Print the listing that follows, character for character.

Available data
=== Section Start ===
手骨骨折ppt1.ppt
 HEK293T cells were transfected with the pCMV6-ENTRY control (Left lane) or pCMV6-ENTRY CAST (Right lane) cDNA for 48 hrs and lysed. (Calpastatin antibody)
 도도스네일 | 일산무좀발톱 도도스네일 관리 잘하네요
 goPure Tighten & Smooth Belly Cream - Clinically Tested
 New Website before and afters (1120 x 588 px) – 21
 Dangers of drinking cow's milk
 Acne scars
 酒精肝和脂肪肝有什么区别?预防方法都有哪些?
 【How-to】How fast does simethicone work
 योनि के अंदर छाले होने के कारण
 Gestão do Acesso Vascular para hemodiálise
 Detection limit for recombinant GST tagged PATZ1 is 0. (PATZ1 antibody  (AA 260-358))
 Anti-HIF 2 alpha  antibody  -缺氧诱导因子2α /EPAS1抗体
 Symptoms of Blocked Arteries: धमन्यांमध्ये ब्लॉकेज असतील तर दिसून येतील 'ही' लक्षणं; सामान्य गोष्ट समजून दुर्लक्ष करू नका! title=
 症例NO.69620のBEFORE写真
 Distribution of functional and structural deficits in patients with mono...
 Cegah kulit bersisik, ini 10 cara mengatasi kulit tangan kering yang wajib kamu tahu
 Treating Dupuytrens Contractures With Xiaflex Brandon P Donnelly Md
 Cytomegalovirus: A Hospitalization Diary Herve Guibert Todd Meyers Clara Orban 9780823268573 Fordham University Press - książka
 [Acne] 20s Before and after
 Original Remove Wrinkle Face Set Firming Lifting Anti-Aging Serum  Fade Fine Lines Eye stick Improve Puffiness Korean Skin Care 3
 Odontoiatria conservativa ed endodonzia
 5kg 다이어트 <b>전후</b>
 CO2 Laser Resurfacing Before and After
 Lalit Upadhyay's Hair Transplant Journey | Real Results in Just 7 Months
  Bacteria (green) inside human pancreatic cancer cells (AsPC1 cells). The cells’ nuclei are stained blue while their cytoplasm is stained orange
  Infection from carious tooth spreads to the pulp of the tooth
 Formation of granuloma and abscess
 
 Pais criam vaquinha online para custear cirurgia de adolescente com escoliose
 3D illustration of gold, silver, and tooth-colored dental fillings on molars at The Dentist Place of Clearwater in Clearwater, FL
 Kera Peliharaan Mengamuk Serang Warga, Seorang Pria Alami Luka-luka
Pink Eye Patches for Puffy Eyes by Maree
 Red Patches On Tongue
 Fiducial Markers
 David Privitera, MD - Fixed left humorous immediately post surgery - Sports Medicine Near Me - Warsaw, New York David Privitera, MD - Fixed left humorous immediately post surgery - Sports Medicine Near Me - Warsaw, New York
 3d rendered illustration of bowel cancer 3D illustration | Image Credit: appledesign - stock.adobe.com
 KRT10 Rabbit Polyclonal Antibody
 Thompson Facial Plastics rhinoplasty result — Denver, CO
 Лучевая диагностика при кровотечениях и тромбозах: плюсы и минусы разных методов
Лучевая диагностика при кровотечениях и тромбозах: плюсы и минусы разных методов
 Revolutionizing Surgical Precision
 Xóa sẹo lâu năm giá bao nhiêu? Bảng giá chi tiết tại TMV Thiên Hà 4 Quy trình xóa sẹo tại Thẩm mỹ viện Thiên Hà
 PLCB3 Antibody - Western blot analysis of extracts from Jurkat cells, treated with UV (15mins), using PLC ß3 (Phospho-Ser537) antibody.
=== Section End ===
Task answer
手骨骨折ppt1.ppt
 HEK293T cells were transfected with the pCMV6-ENTRY control (Left lane) or pCMV6-ENTRY CAST (Right lane) cDNA for 48 hrs and lysed. (Calpastatin antibody)
 도도스네일 | 일산무좀발톱 도도스네일 관리 잘하네요
 goPure Tighten & Smooth Belly Cream - Clinically Tested
 New Website before and afters (1120 x 588 px) – 21
 Dangers of drinking cow's milk
 Acne scars
 酒精肝和脂肪肝有什么区别?预防方法都有哪些?
 【How-to】How fast does simethicone work
 योनि के अंदर छाले होने के कारण
 Gestão do Acesso Vascular para hemodiálise
 Detection limit for recombinant GST tagged PATZ1 is 0. (PATZ1 antibody  (AA 260-358))
 Anti-HIF 2 alpha  antibody  -缺氧诱导因子2α /EPAS1抗体
 Symptoms of Blocked Arteries: धमन्यांमध्ये ब्लॉकेज असतील तर दिसून येतील 'ही' लक्षणं; सामान्य गोष्ट समजून दुर्लक्ष करू नका! title=
 症例NO.69620のBEFORE写真
 Distribution of functional and structural deficits in patients with mono...
 Cegah kulit bersisik, ini 10 cara mengatasi kulit tangan kering yang wajib kamu tahu
 Treating Dupuytrens Contractures With Xiaflex Brandon P Donnelly Md
 Cytomegalovirus: A Hospitalization Diary Herve Guibert Todd Meyers Clara Orban 9780823268573 Fordham University Press - książka
 [Acne] 20s Before and after
 Original Remove Wrinkle Face Set Firming Lifting Anti-Aging Serum  Fade Fine Lines Eye stick Improve Puffiness Korean Skin Care 3
 Odontoiatria conservativa ed endodonzia
 5kg 다이어트 <b>전후</b>
 CO2 Laser Resurfacing Before and After
 Lalit Upadhyay's Hair Transplant Journey | Real Results in Just 7 Months
  Bacteria (green) inside human pancreatic cancer cells (AsPC1 cells). The cells’ nuclei are stained blue while their cytoplasm is stained orange
  Infection from carious tooth spreads to the pulp of the tooth
 Formation of granuloma and abscess
 
 Pais criam vaquinha online para custear cirurgia de adolescente com escoliose
 3D illustration of gold, silver, and tooth-colored dental fillings on molars at The Dentist Place of Clearwater in Clearwater, FL
 Kera Peliharaan Mengamuk Serang Warga, Seorang Pria Alami Luka-luka
Pink Eye Patches for Puffy Eyes by Maree
 Red Patches On Tongue
 Fiducial Markers
 David Privitera, MD - Fixed left humorous immediately post surgery - Sports Medicine Near Me - Warsaw, New York David Privitera, MD - Fixed left humorous immediately post surgery - Sports Medicine Near Me - Warsaw, New York
 3d rendered illustration of bowel cancer 3D illustration | Image Credit: appledesign - stock.adobe.com
 KRT10 Rabbit Polyclonal Antibody
 Thompson Facial Plastics rhinoplasty result — Denver, CO
 Лучевая диагностика при кровотечениях и тромбозах: плюсы и минусы разных методов
Лучевая диагностика при кровотечениях и тромбозах: плюсы и минусы разных методов
 Revolutionizing Surgical Precision
 Xóa sẹo lâu năm giá bao nhiêu? Bảng giá chi tiết tại TMV Thiên Hà 4 Quy trình xóa sẹo tại Thẩm mỹ viện Thiên Hà
 PLCB3 Antibody - Western blot analysis of extracts from Jurkat cells, treated with UV (15mins), using PLC ß3 (Phospho-Ser537) antibody.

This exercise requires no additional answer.